Computers are known to be precise and — usually — repeatable. That’s why it is so hard to get something that seems random out of them. Yet random things are great for games, encryption, and multimedia. Who wants the same order of a playlist or slide show every time?
It is very hard to get truly random numbers, but for a lot of cases, it isn’t that important. Even better, if you programming or using a scripting language, there are lots of things that you can use to get some degree of randomness that is sufficient for many purposes.
The Root of Random
In your device directory are two quasi-files you might not have noticed before. The /dev/random
and /dev/urandom
files will output as many random bytes as you might want to read. Why are there two? The kernel grabs noisy data from different places. For example, it might read crypto hardware or measure time intervals between disk accesses. These numbers are not easy to predict and can make a good source of difficult to guess numbers. However, for a certain number of random bits you need a certain amount of random noise. The /dev/random
device file fills with these environmental random bits, and if it needs more random measurements to complete the request, it will block until it gets them. The /dev/urandom
file, on the other hand, will provide an “unlimited” number of bytes; it works by periodically re-seeding a pseudo-random number generator with environmental randomness.
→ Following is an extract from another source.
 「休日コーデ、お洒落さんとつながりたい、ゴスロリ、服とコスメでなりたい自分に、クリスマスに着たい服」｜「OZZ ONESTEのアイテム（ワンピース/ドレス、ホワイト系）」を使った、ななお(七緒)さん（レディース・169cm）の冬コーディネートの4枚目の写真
If you program in any normal language, it is easy to just open either of these files and read the number of bytes you want. In normal shell scripting, it is easy, too. For example:
head -c 3 /dev/random | od -t x1 -A none
This command will give you three hex bytes. If you prefer, you could change the x1
to get decimal numbers or anything else you want.
Better Shell
Of course, the Shell knows you want to do this. Bash keeps $RANDOM
updated and you can read from it if you prefer:
for i in {1..5} do echo $RANDOM done
This will give you five random numbers each time.
Better Still
This is easy, but we can still do better. After all, suppose you have a bunch of sayings in a file, one per line. Even with a random number, you’d need to skip the lines and worry about how many lines are in the file total. There’s a better way: the shuf
command.
This command seems simple at first but is actually quite powerful. The bare command reads a file, or standard input, and permutes it based on a random number. There are options to feed it your own source of random numbers if you care.
Sometimes you don’t want all the items in the file. For example, picking a single quote from a file, you might just want the next random song. The -n
option limits the output to the first line or lines. If you want to shuffle numbers, you can use the -i
option. For example:
shuf -n 1 -i1-10
This command will give you a single random number between 1 and 10. Very easy!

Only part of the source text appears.